학술논문
A simple score to predict early severe infections in patients with newly diagnosed multiple myeloma
Document Type
article
Author
Cristina Encinas; José-Ángel Hernandez-Rivas; Albert Oriol; Laura Rosiñol; María-Jesús Blanchard; José-María Bellón; Ramón García-Sanz; Javier de la Rubia; Ana López de la Guía; Ana Jímenez-Ubieto; Isidro Jarque; Belén Iñigo; Victoria Dourdil; Felipe de Arriba; Clara Cuéllar Pérez-Ávila; Yolanda Gonzalez; Miguel-Teodoro Hernández; Joan Bargay; Miguel Granell; Paula Rodríguez-Otero; Maialen Silvent; Carmen Cabrera; Rafael Rios; Adrián Alegre; Mercedes Gironella; Marta-Sonia Gonzalez; Anna Sureda; Antonia Sampol; Enrique M. Ocio; Isabel Krsnik; Antonio García; Aránzazu García-Mateo; Joan-Alfons Soler; Jesús Martín; José-María Arguiñano; María-Victoria Mateos; Joan Bladé; Jesús F. San-Miguel; Juan-José Lahuerta; Joaquín Martínez-López; GEM/PETHEMA (Grupo Español de Mieloma/Programa para el Estudio de la Terapéutica en Hemopatías Malignas) cooperative study group
Source
Blood Cancer Journal, Vol 12, Iss 4, Pp 1-8 (2022)
Subject
Language
English
ISSN
2044-5385
Abstract
Abstract Infections remain a common complication in patients with multiple myeloma (MM) and are associated with morbidity and mortality.
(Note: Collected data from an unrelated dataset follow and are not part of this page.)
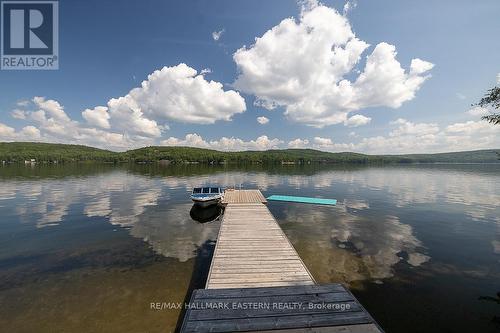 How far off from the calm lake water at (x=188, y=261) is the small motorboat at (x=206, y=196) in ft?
5.14

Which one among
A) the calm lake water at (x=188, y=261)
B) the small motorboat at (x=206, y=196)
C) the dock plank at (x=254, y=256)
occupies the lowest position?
the calm lake water at (x=188, y=261)

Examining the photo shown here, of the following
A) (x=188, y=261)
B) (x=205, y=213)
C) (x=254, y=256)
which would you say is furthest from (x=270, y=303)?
(x=205, y=213)

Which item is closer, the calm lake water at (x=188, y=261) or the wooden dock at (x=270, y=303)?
the wooden dock at (x=270, y=303)

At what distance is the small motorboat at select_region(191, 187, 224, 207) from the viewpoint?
31.9 meters

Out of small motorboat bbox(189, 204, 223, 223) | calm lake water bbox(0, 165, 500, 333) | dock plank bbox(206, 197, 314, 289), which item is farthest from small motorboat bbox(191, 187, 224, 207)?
dock plank bbox(206, 197, 314, 289)

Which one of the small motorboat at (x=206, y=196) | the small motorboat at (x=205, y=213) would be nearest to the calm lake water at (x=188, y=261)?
the small motorboat at (x=205, y=213)

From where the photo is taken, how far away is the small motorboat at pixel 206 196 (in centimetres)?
3189

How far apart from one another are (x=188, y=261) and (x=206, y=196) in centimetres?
1530

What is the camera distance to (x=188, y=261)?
1747 cm

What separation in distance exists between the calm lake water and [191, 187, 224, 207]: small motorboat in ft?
5.14

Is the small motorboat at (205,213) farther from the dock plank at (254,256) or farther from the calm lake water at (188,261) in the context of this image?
the dock plank at (254,256)

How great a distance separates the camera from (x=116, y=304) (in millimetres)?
12430

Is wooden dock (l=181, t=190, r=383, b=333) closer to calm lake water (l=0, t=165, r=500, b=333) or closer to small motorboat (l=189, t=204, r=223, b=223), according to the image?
calm lake water (l=0, t=165, r=500, b=333)

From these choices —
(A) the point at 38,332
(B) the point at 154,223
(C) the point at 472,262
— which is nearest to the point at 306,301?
(A) the point at 38,332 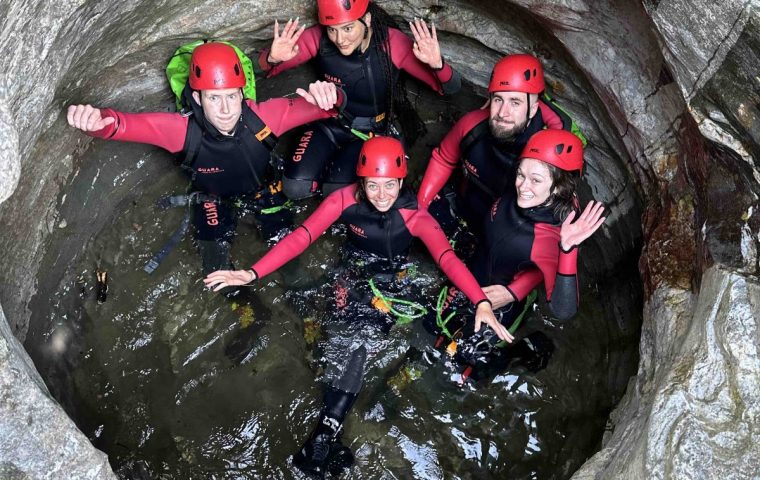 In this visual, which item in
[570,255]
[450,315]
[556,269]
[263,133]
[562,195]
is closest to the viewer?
[570,255]

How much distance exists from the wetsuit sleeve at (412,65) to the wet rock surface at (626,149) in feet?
0.95

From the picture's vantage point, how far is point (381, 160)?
538 cm

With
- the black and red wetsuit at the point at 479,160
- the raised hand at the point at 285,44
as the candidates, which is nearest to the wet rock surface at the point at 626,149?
the raised hand at the point at 285,44

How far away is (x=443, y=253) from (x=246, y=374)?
2.09m

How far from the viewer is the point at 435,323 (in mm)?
6422

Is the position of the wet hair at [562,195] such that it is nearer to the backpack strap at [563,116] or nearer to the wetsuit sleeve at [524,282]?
the wetsuit sleeve at [524,282]

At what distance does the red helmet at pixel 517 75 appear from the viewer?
18.1 ft

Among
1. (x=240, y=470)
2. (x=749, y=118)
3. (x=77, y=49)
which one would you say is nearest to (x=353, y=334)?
(x=240, y=470)

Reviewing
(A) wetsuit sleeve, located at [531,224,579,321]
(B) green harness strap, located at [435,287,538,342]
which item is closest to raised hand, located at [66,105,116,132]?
(B) green harness strap, located at [435,287,538,342]

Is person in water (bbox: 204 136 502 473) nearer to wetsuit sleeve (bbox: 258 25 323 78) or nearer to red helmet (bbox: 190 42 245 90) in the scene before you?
red helmet (bbox: 190 42 245 90)

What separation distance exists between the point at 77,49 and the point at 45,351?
2405 mm

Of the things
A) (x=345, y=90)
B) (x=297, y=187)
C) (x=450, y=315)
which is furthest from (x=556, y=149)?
(x=297, y=187)

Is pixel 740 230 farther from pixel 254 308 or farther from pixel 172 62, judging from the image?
pixel 172 62

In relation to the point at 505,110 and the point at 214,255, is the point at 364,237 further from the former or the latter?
the point at 505,110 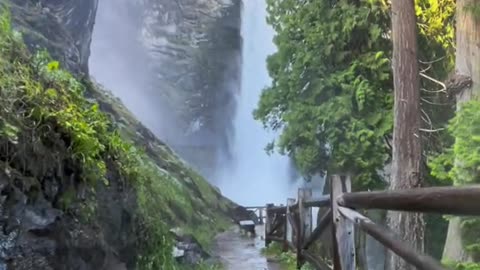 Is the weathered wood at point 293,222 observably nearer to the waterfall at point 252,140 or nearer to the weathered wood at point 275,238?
the weathered wood at point 275,238

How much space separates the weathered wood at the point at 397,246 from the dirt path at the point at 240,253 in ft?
14.4

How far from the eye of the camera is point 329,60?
30.4 feet

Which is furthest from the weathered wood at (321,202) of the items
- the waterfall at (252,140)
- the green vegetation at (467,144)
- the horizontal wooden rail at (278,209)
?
the waterfall at (252,140)

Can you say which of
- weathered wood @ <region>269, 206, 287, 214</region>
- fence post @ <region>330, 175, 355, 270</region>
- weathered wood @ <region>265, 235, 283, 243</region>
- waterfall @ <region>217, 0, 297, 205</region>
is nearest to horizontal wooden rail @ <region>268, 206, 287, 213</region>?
weathered wood @ <region>269, 206, 287, 214</region>

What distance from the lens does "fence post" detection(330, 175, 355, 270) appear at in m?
2.85

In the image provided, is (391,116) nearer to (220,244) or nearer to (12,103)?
(220,244)

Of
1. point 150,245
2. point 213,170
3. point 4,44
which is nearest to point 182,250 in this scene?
point 150,245

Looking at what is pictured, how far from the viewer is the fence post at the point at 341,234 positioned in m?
2.85

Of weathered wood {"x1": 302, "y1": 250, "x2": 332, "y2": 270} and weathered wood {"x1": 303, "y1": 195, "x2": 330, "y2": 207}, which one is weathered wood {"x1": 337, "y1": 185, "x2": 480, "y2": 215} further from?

A risk score to predict the probability of early severe infection could help to identify the patients that would benefit from preventive measures. We undertook a post hoc analysis of infections in four clinical trials from the Spanish Myeloma Group, involving a total of 1347 patients (847 transplant candidates). Regarding the GEM2010 > 65 trial, antibiotic prophylaxis was mandatory, so we excluded it from the final analysis. The incidence of severe infection episodes within the first 6 months was 13.8%, and majority of the patients experiencing the first episode before 4 months (11.1%). 1.2% of patients died because of infections within the first 6 months (1% before 4 months). Variables associated with increased risk of severe infection in the first 4 months included serum albumin ≤30 g/L, ECOG > 1, male sex, and non-IgA type MM. A simple risk score with these variables facilitated the identification of three risk groups with different probabilities of severe infection within the first 4 months: low-risk (score 0–2) 8.2%; intermediate-risk (score 3) 19.2%; and high-risk (score 4) 28.3%. Patients with intermediate/high risk could be candidates for prophylactic antibiotic therapies.